Let us now solve for x1 and x2.

$x_1 = [\frac{2\epsilon N_A V_B}{e (N_A+N_D)N_D}]^{\frac{1}{2}}$ and $x_2 = [\frac{2\epsilon N_D V_B}{e (N_A+N_D)N_A}]^{\frac{1}{2}}$.

This gives us the total depletion width or the asymmetric step junction width: $\boxed{W = x_0 = x_1 + x_2 = \frac{2\epsilon V_B (N_A+N_D)}{e N_AN_D}}$.

For symmetric step junction: x1 = x2 = x0/2 and NA = ND = N. Then: $\boxed{W = x_0 = \bigg(\frac{4\epsilon V_B}{e N}\bigg)^\frac{1}{2}}$.

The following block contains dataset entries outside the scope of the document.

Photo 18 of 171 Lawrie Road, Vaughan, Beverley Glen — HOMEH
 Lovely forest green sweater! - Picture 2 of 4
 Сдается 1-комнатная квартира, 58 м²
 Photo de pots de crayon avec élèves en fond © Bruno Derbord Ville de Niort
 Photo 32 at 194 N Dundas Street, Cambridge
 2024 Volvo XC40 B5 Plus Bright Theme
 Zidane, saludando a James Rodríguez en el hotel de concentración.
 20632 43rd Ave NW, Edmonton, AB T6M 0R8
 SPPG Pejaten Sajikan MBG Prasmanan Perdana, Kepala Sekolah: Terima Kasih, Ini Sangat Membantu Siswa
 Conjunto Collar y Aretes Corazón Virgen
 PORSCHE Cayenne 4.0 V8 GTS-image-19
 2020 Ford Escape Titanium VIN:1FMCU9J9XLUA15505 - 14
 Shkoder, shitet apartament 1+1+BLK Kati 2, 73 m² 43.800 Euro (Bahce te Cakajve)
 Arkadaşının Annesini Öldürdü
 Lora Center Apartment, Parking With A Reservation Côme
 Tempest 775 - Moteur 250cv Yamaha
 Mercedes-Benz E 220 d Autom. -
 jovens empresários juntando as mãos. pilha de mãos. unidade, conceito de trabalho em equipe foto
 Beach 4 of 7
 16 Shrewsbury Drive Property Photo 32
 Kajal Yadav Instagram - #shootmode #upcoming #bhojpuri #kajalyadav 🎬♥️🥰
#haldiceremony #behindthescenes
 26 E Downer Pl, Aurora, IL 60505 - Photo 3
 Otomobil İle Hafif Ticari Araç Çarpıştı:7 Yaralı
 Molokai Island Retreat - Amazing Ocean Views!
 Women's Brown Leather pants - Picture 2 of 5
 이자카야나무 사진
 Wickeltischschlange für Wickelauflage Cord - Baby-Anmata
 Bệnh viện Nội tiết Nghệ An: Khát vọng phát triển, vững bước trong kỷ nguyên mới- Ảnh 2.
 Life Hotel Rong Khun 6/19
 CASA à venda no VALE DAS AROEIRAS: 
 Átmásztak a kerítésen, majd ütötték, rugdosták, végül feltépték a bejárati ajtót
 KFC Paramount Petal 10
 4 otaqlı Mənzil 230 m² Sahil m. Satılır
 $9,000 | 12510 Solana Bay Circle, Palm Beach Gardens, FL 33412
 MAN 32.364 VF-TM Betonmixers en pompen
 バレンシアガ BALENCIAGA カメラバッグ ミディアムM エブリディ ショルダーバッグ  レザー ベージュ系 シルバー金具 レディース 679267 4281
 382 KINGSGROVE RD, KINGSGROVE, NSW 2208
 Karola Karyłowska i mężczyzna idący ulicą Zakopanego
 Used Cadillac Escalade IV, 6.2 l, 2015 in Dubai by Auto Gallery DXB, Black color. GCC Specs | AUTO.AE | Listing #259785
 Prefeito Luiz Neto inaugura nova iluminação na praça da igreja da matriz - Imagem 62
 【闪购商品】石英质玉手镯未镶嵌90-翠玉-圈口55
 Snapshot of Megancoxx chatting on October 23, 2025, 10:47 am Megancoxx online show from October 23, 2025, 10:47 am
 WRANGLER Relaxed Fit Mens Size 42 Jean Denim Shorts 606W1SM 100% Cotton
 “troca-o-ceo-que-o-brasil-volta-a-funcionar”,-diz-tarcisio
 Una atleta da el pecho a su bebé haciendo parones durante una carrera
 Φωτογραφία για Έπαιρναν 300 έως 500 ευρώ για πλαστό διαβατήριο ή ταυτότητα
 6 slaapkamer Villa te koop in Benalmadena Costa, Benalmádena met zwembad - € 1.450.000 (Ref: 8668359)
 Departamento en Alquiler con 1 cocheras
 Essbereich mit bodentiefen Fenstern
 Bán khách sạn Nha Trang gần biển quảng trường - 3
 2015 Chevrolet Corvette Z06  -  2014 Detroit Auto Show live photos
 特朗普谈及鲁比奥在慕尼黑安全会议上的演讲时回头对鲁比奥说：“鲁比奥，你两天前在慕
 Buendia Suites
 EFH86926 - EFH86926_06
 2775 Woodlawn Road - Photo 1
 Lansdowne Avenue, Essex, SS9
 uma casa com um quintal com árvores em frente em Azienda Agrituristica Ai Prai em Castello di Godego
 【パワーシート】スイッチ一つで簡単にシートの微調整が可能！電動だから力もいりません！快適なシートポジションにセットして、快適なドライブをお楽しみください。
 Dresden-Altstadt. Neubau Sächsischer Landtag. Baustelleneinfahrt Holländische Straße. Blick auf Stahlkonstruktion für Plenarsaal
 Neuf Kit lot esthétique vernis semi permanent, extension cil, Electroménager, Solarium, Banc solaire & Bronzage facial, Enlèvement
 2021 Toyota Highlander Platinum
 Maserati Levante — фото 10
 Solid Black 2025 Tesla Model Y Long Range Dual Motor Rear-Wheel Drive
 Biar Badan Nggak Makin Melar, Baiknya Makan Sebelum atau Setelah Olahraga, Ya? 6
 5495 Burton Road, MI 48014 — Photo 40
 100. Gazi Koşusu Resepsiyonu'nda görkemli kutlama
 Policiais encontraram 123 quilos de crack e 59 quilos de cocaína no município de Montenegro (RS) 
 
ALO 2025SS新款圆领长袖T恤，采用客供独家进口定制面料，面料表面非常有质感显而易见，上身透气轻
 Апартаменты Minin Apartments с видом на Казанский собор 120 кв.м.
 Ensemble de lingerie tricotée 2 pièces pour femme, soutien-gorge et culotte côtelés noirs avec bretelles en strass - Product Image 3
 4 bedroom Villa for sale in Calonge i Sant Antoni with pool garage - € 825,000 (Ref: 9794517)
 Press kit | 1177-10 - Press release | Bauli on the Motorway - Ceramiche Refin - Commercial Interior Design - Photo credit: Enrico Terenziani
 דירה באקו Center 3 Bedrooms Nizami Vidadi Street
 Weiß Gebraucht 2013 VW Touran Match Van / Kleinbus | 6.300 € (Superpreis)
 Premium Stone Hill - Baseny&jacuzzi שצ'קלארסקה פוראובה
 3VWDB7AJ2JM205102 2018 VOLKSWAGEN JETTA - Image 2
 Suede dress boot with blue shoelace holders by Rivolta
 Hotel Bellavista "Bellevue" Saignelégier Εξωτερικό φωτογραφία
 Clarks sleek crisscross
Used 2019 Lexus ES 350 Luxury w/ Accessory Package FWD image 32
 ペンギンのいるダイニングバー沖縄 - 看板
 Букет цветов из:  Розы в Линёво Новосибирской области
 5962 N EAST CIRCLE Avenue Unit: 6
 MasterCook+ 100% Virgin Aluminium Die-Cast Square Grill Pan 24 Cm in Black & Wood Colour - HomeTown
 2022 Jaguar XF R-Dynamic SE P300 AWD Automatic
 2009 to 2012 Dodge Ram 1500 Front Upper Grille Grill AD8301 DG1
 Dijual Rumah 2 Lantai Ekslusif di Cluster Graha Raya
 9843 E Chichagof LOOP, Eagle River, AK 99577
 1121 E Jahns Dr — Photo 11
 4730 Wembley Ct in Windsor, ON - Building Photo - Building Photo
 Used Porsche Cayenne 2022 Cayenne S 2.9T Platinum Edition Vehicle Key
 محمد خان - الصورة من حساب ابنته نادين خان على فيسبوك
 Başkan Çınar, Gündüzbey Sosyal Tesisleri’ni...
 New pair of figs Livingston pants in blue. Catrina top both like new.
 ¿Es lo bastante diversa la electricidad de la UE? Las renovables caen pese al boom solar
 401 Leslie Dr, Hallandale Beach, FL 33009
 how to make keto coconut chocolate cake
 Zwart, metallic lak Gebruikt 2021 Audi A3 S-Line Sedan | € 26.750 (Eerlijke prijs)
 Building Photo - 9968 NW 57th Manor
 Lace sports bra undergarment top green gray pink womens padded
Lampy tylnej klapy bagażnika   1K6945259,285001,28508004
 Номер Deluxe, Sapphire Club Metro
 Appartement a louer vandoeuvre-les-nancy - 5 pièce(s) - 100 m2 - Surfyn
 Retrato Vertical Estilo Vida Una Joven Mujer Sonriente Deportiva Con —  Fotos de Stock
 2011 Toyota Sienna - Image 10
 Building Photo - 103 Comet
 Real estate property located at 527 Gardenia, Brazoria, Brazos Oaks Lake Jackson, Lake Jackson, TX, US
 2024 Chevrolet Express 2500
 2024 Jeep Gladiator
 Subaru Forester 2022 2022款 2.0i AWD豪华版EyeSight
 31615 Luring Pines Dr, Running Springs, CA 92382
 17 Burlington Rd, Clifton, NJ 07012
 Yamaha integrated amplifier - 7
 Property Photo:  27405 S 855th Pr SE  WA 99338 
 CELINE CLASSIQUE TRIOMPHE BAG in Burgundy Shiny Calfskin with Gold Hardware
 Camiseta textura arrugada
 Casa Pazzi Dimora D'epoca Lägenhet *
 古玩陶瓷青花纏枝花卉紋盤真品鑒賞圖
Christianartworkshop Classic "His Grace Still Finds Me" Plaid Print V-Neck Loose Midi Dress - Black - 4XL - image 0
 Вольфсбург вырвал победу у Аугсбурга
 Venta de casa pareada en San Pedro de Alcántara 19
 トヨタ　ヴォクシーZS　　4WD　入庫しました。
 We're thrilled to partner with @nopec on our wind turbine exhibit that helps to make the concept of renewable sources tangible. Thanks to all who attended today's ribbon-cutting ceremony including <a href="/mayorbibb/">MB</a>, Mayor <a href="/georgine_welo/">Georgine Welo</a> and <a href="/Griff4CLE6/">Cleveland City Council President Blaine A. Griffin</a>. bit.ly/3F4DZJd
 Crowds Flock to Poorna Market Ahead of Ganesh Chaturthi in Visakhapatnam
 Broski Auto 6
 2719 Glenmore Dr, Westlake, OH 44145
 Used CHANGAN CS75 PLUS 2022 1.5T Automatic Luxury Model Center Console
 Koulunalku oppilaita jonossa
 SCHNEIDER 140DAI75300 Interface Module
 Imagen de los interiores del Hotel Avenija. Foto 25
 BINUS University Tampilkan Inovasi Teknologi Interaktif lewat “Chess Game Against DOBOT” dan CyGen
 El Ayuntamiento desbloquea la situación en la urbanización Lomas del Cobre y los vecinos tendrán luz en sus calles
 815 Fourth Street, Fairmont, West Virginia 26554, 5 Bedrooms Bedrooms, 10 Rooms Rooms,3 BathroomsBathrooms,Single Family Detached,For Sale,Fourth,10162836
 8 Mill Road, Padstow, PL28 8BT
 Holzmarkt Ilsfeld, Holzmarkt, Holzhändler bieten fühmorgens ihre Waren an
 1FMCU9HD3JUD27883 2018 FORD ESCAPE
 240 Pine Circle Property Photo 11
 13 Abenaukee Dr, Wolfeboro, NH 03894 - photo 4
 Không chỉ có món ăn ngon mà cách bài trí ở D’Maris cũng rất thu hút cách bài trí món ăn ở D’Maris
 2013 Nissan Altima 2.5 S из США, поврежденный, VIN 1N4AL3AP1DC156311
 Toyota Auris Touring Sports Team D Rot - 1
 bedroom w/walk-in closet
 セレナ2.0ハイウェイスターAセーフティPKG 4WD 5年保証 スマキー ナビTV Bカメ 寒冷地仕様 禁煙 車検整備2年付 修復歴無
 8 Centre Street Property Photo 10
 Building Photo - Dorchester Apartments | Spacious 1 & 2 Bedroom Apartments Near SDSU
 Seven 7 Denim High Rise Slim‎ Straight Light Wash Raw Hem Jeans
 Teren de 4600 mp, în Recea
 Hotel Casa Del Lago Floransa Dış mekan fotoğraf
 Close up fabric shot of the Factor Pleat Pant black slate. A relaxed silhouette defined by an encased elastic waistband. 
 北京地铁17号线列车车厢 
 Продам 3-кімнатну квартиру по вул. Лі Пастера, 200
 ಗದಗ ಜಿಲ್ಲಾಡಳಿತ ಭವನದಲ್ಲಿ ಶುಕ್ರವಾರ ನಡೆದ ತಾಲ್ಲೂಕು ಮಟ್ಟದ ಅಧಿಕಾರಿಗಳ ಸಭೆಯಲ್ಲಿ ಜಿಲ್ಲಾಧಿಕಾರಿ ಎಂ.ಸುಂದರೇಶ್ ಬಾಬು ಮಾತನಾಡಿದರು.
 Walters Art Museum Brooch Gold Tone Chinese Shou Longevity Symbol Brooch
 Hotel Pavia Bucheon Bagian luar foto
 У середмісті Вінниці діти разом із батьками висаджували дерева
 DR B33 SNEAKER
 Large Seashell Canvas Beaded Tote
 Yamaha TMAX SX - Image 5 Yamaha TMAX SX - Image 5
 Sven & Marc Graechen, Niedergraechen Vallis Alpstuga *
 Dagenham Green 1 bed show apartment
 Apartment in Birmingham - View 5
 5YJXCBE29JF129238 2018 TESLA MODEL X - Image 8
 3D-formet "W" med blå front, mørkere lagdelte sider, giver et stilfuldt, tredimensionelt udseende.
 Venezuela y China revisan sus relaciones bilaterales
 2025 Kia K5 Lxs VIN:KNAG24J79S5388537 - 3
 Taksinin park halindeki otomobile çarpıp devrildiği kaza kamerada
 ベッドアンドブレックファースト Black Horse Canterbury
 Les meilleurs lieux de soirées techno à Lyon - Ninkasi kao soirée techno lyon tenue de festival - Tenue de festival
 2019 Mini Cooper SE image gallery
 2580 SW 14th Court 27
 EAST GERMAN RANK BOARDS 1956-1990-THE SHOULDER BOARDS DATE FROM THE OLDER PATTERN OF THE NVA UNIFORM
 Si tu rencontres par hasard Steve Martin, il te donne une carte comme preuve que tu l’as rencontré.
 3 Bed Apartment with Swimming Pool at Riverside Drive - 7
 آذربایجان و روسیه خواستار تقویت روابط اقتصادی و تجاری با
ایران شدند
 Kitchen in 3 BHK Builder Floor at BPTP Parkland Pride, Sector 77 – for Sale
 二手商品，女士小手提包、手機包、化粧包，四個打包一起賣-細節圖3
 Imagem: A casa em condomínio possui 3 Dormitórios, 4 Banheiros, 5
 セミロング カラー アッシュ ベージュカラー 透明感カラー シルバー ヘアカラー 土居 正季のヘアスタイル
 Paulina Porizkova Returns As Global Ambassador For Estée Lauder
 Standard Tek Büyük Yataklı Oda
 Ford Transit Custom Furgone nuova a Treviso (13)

For one sided step-junction, one side of pn junction is heavily doped, eg, if p-region is heavily doped then x2 << x1 as NA >> ND. Then; $\boxed{W = x_0 = x_1 = \bigg(\frac{2\epsilon V_B}{e N_D}\bigg)^\frac{1}{2}}$.

If donors on n-side are all ionized, electron conductivity σn in terms of its mobility is given by: $\sigma_n = \mu_n e N_D$.

This implies: $\boxed{W = x_0 \simeq \bigg(\frac{2\epsilon \mu_nV_B}{\sigma_n}\bigg)^\frac{1}{2}}$.

Peak electric field can be obtained from the plot of electric field shown earlier (triangles). Area of triangle (VB) is half the base (x0) times height (Em) So, $\boxed{E_m=\frac{2V_B}{x_0}}$.